During challenging financial times, strategic direction and business planning are vital—albeit intimidating. As the leader of your business, you need to provide the direction for your team. Do so by empowering your employees, being an agile decision maker and thinking broadly about what can throw you off course.
At ONE: The Alltech Ideas Conference, an event dedicated to inspiring innovation, speakers touched on many ways to think about the future. Here are a few tactical lessons from speakers you can apply on your own business.
1. Focus on Your Business’ Direction and Ideal Destination.
Oftentimes, business leaders spend too much time focusing on where they’ve been, says Aidan Connolly, Alltech chief innovation officer and vice president of corporate accounts.

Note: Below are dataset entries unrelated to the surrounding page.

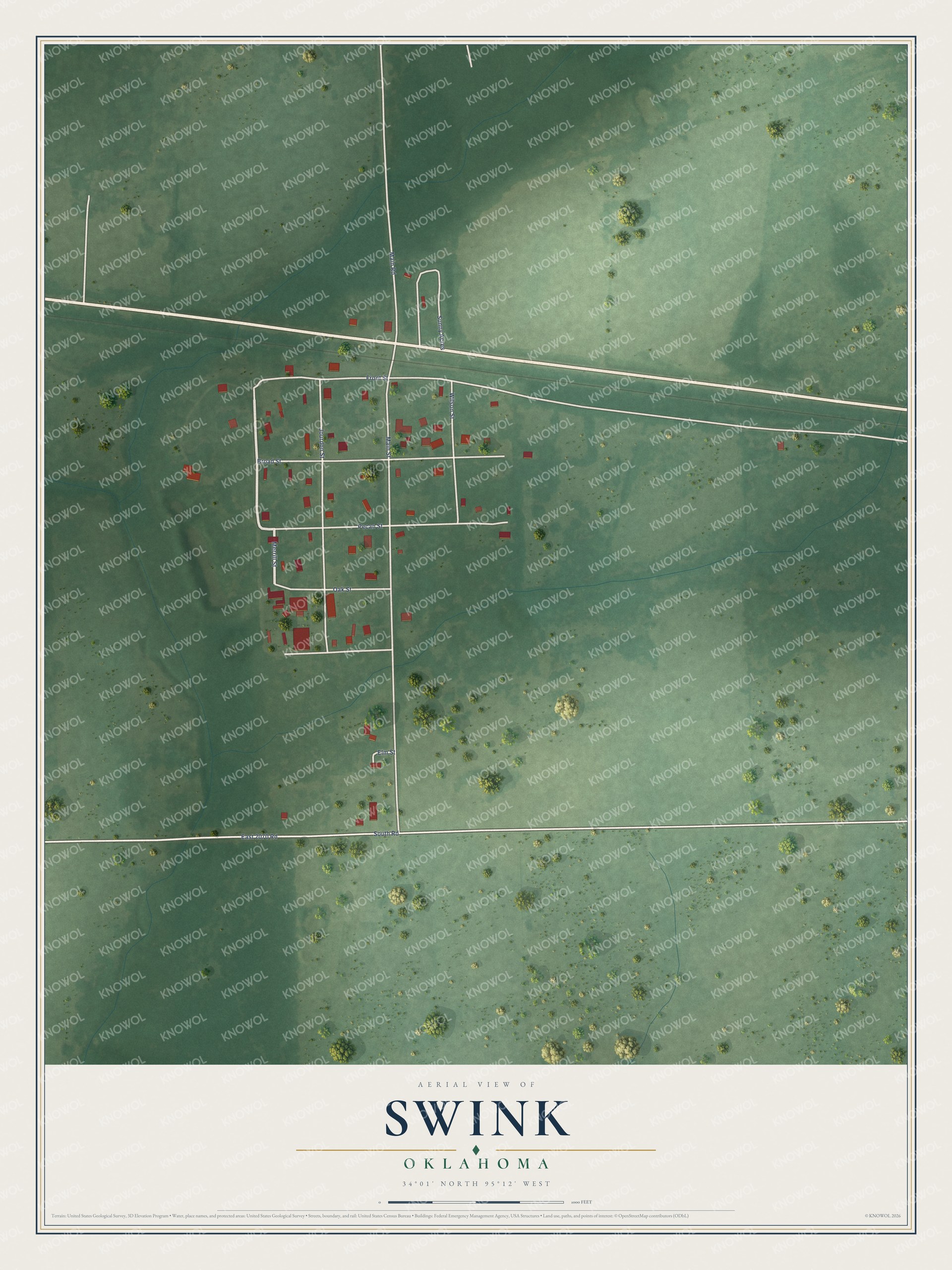 Full map of Swink, Oklahoma, with red buildings, printed street names and the land around them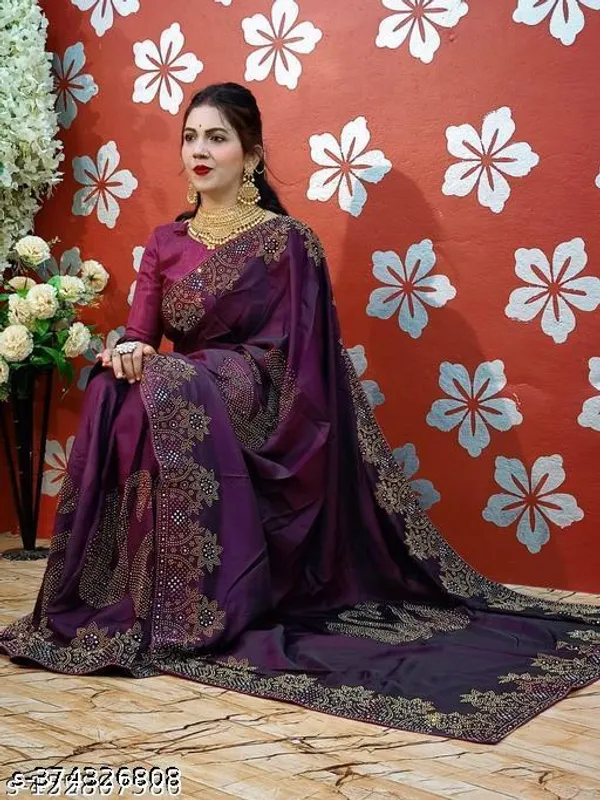 Pure_Georgette_Silk_Saree_With_With_Beautiful_Border_Decorated_With_Heavy_Diamond_Work_Contrast_Blouse_Matching_Women_Loved_This_Sari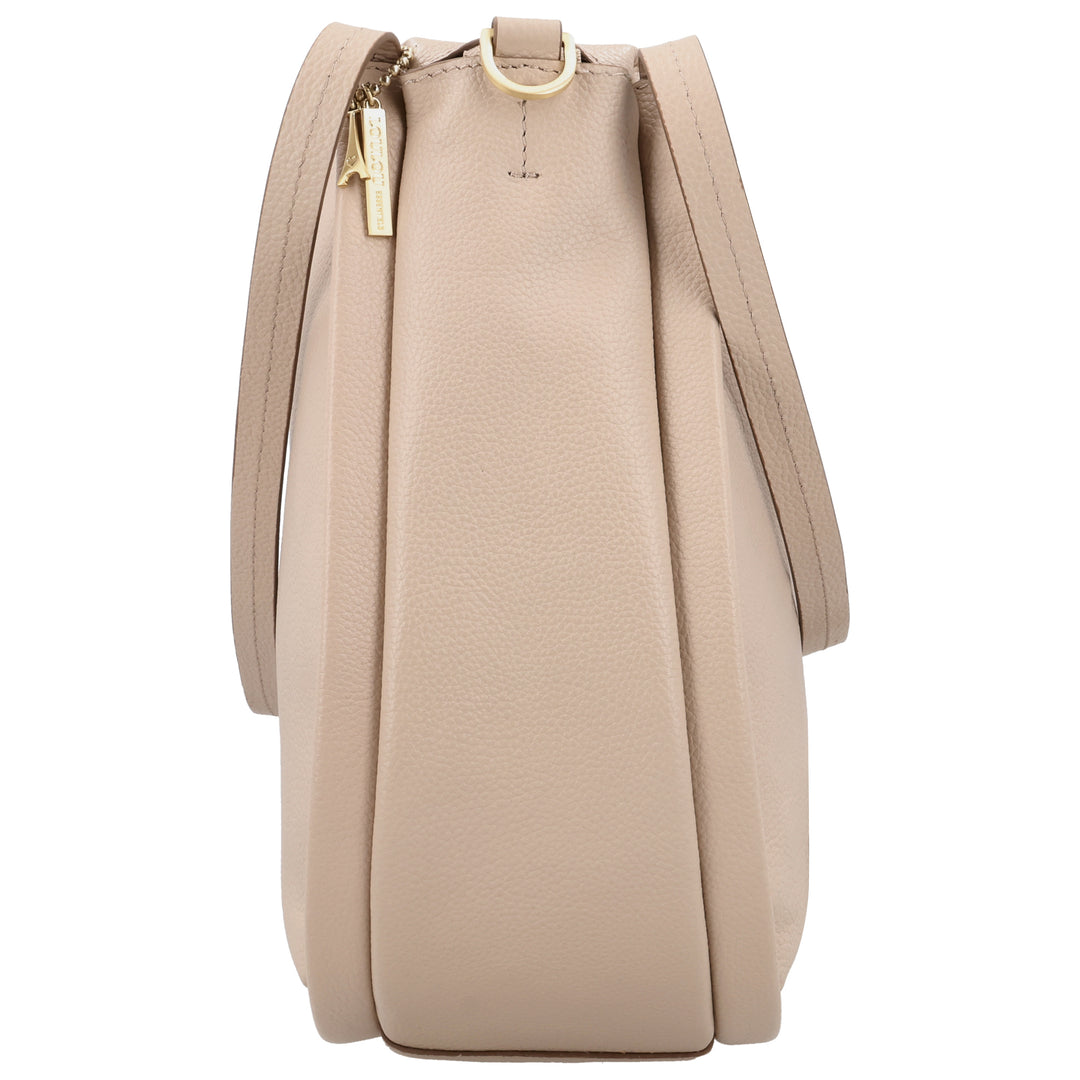 Zijkant van de LouLou LOU L schoudertas in de kleur cashmere #kleur_cashmere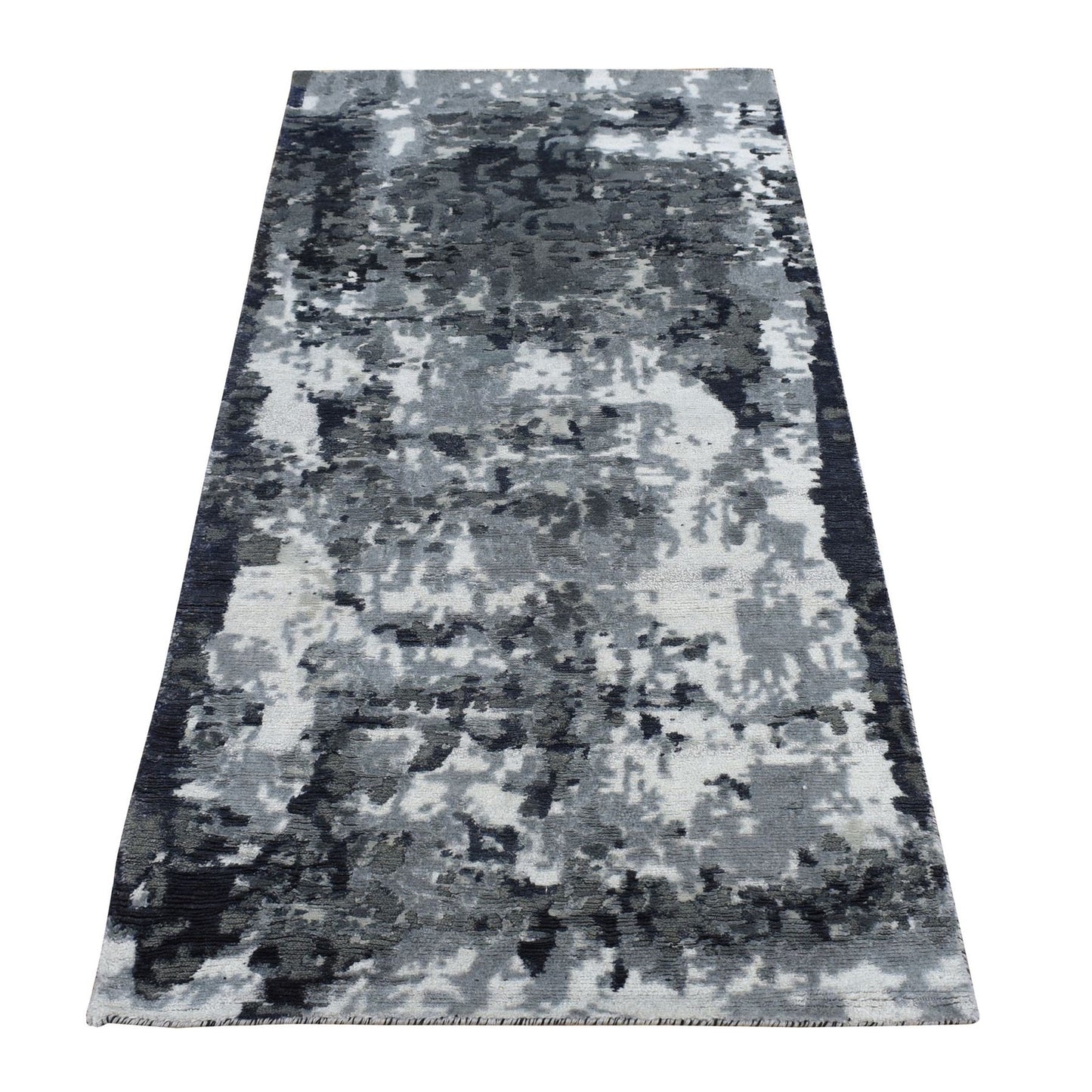2'7"X5'9" Gray Abstract Design Wool And Silk Hand Knotted Runner Rug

The traditional strategic model answers some key questions in the following order:
1: Where did we start?
2: Where are we now?
3: How we will get there?
4: Where do we want to go?
Instead, Connolly suggests, swap the order to: 2, 1, 4, 3
“Spend more time focusing on the destination,” he says.
2. Kill Stupid Rules.
We live in a complex, always-on world. This is a major hurdle for business leaders, says Lisa Bodell, CEO of futurethink, a firm that trains businesses how to become innovators.
“Complexity is the enemy of meaningful work,” she says. “It holds us back. People incorrectly think complicated systems are more meaningful and valuable.”
As you develop your strategic and business plans, enact one of Bodell’s tips: Kill a stupid rule.
“When I do this with leaders all over the world, I’m astounded at how many things they come up with,” she says. “Most of the things are not rules, simply annoyances like meetings, reports, emails, etc.”
Ask your team: What would you love to stop doing? What are your biggest time wasters? What tasks have little ROI? Identify which tasks can easily go.
“People love it when you give them permission to stop doing things,” she says.
3. Streamline Your Team Meetings.
While team meetings can be vital, they can also be a frustrating use of time—if they aren’t run properly. To use meeting time more effectively at Alltech, a company that employs more than 5,000 people and conducts business in more than 120 countries, Pearse Lyons, founder and president, says his team writes down their updates or ideas on a smart board before the meeting starts.
Then the meeting time isn’t filled with each person explaining their points, the information is already there for everyone to read. During the meeting, if something doesn’t make sense, you can just erase it, Lyons says.
4. Give Your Team Permission to Make Decisions (and Then Make it the Norm).
Employees are continually frustrated when there’s a major obstacle in the decision-making process. That could be an unneeded formality or a complex system. But most of the time, there’s a person holding up the progress.
Bodell has seen success by bosses empowering employees to make decisions. For instance, one client she worked with told his team that by next month’s meeting, each employee had to report two decisions he or she made without asking the boss’ permission.
He still received emails and requests for a week or so, but by the next meeting, each person had two decisions to report. So he upped the number by one each month. After several months, he had freed his time to focus on the tasks only he could do and created greater job satisfaction and productivity for his team.
5. Adopt a Disruptive Mindset.
George Blankenship has witnessed how companies benefit when they throw out the status quo. As a former executive with Tesla Motors, Apple Computer and GAP Inc., he knows big ideas can equal financial success.
“At Tesla, almost everything we did was impossible,” he says, referring to how the company has completely redefined the car-buying experience, builds cars in factories previously closed by General Motors and Toyota, and has received the highest Consumer Reports rating ever.
Building on his 30 years of international strategy, retail and real estate experience, Blankenship provides the following advice on how to develop a disruptive mindset for your business:
- Simply: Focus only on what’s important.
- Courage: Don’t listen to outsiders.
- Alignment: Demonstrative conviction.
- Celebrate: Successes and failures.
- First step: Take it!
“Sometimes you think that to change the world, you need to do the impossible,” Blankenship says. “I look at it differently. It’s not impossible—it just hasn’t been done yet.”